#### Data records:
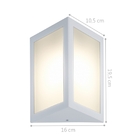 Luminária De Parede Triangular Branco Kit Com 2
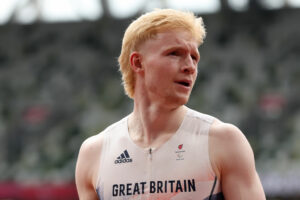 Loughborough athlete Zak Skinner representing Team GB in the Men's 100m (T13) at the Tokyo 2020 Paralympic Games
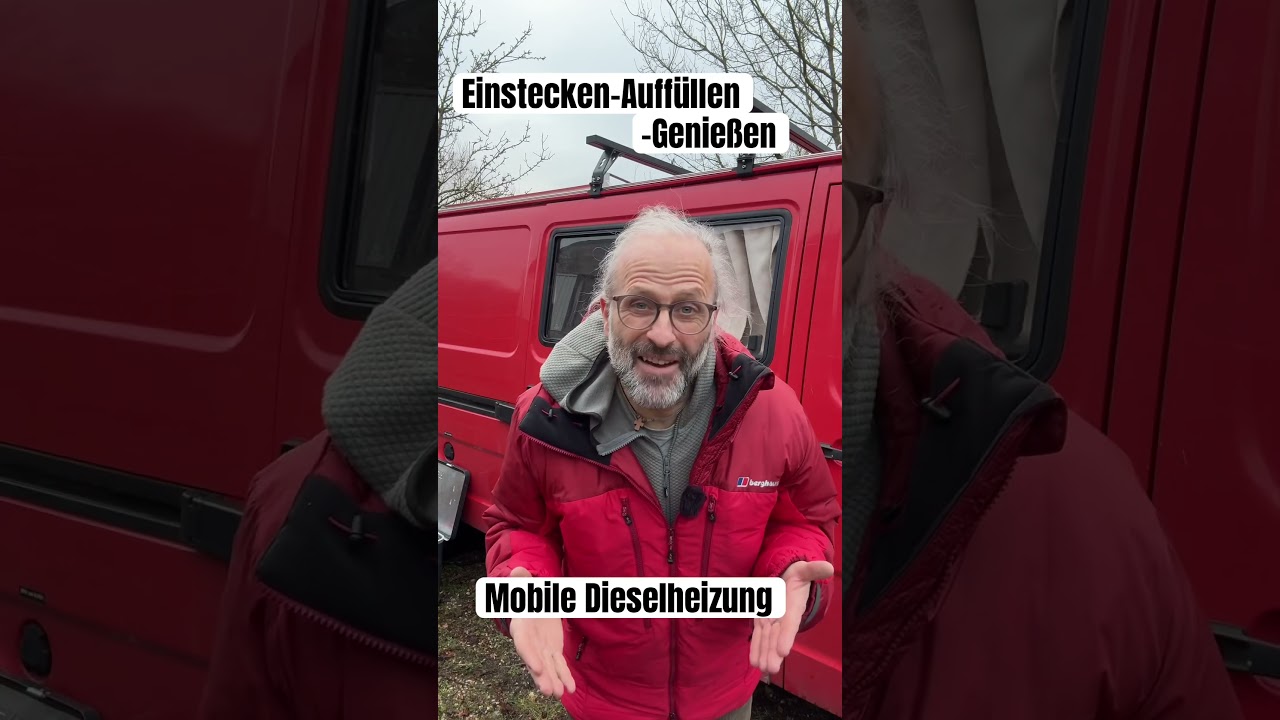 Geniale Diesel-Standheizung f&uuml;r drinnen und drau&szlig;en #vanlife #m&auml;des #camperexperte #van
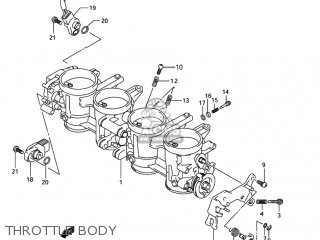 THROTTLE BODY - GSXR1000 2006 (K6) USA (E03)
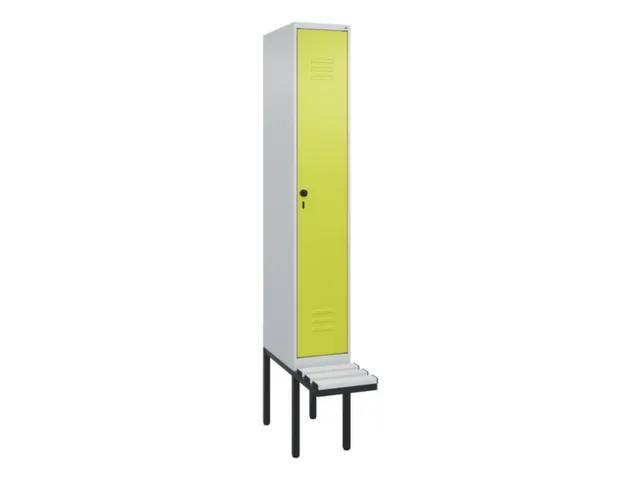 locker voor scheiding van kleding,HxBxD 2120x300x815mm,1vak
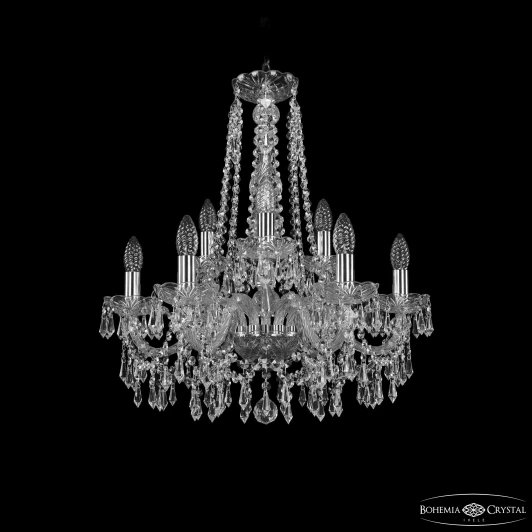 1403/6+3/195/h-60 Ni Подвесная люстра Bohemia 1403 1403/6+3/195/h-60 Ni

#### Task description:
For this exercise, set down exactly the lines that run from the line holding "THROTTLE BODY - GSXR1000 2006 (K6) USA (E03)" to the last line of the records above; include both end lines and omit pictures.

#### Output below:
 THROTTLE BODY - GSXR1000 2006 (K6) USA (E03)
 locker voor scheiding van kleding,HxBxD 2120x300x815mm,1vak
 1403/6+3/195/h-60 Ni Подвесная люстра Bohemia 1403 1403/6+3/195/h-60 Ni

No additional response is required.